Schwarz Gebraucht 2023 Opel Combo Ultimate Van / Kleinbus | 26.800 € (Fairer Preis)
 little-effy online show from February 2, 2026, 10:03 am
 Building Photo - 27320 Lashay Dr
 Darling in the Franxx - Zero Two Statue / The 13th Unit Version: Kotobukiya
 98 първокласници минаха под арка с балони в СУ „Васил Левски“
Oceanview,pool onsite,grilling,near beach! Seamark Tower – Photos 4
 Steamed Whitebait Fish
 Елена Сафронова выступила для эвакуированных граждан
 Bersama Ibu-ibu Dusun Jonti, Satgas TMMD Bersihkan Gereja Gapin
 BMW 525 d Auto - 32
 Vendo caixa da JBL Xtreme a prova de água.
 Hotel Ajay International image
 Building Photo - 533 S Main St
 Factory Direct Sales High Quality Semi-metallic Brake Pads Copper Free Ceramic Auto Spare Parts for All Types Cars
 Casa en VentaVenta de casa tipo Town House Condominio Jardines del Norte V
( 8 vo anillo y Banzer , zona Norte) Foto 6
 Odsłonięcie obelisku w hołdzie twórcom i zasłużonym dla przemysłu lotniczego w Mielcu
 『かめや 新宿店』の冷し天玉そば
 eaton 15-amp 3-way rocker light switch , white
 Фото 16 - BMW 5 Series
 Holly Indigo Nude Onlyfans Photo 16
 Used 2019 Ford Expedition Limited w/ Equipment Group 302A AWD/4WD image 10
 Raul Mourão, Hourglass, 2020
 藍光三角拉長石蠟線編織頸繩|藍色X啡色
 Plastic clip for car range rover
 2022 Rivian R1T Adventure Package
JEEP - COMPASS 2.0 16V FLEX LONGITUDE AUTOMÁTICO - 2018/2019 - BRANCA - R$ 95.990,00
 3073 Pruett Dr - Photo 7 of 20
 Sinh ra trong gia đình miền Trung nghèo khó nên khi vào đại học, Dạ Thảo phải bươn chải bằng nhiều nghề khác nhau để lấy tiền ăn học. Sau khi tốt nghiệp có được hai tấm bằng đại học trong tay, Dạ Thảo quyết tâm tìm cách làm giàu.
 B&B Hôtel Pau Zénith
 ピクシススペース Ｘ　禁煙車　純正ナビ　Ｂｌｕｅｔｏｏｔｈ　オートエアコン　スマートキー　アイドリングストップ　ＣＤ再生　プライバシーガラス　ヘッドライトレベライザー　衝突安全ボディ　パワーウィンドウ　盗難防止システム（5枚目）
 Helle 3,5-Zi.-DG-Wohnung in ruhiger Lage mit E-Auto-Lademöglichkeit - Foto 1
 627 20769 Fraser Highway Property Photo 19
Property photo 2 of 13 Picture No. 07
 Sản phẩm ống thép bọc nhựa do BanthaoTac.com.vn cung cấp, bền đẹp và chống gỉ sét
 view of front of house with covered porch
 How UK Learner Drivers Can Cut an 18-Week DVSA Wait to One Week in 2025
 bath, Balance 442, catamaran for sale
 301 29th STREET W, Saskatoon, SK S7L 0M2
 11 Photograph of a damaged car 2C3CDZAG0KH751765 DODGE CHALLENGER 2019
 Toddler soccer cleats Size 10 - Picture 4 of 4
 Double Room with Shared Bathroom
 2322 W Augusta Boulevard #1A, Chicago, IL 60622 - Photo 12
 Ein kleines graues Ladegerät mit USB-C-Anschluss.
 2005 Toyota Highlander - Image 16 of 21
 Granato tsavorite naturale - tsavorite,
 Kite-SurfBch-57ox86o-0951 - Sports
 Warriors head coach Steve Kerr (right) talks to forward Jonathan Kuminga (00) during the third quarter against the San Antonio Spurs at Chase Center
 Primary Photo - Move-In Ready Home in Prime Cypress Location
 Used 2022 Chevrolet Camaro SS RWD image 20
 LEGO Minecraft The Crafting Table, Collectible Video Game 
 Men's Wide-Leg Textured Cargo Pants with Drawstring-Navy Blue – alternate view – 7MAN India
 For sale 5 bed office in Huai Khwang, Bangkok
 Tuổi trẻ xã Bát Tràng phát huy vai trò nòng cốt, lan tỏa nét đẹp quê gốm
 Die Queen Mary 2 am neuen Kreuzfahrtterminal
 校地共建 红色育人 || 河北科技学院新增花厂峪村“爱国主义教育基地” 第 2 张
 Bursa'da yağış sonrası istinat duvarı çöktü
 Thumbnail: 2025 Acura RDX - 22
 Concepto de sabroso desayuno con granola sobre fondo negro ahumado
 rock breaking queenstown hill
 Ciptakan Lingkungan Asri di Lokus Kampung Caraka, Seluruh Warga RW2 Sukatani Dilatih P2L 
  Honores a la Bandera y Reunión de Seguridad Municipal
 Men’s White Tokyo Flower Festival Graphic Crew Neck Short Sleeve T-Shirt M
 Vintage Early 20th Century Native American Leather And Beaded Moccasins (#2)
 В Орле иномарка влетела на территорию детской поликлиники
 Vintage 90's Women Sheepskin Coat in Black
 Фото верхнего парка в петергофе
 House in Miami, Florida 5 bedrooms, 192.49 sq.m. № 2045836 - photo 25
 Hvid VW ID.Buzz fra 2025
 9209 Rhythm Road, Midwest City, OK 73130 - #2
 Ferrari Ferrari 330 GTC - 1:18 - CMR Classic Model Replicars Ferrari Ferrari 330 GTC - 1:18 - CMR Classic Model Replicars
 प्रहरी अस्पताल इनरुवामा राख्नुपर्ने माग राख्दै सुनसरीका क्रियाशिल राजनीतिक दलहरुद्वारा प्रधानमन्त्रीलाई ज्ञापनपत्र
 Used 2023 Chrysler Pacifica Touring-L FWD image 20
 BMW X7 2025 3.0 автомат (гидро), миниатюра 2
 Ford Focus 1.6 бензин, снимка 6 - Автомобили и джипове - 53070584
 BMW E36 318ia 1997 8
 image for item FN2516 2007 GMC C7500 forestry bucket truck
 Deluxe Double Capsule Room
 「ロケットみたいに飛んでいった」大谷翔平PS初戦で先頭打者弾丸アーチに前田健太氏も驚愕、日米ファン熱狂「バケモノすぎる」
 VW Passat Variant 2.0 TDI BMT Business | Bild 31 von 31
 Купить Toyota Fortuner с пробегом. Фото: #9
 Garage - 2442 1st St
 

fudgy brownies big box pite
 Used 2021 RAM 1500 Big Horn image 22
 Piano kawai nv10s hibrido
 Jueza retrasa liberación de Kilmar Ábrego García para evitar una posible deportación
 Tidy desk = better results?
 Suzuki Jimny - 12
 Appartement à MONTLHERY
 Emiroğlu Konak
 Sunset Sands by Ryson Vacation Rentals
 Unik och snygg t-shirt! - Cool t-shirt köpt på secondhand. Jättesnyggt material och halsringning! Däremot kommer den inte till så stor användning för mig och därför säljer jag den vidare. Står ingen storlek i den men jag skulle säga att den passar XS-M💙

=-=-=-=-=

◆ **Task to carry out**: Only the lines holding "with" are wanted, so copy each of them from the material.

◆ **Your solution**:
 view of front of house with covered porch
 Double Room with Shared Bathroom
 Men's Wide-Leg Textured Cargo Pants with Drawstring-Navy Blue – alternate view – 7MAN India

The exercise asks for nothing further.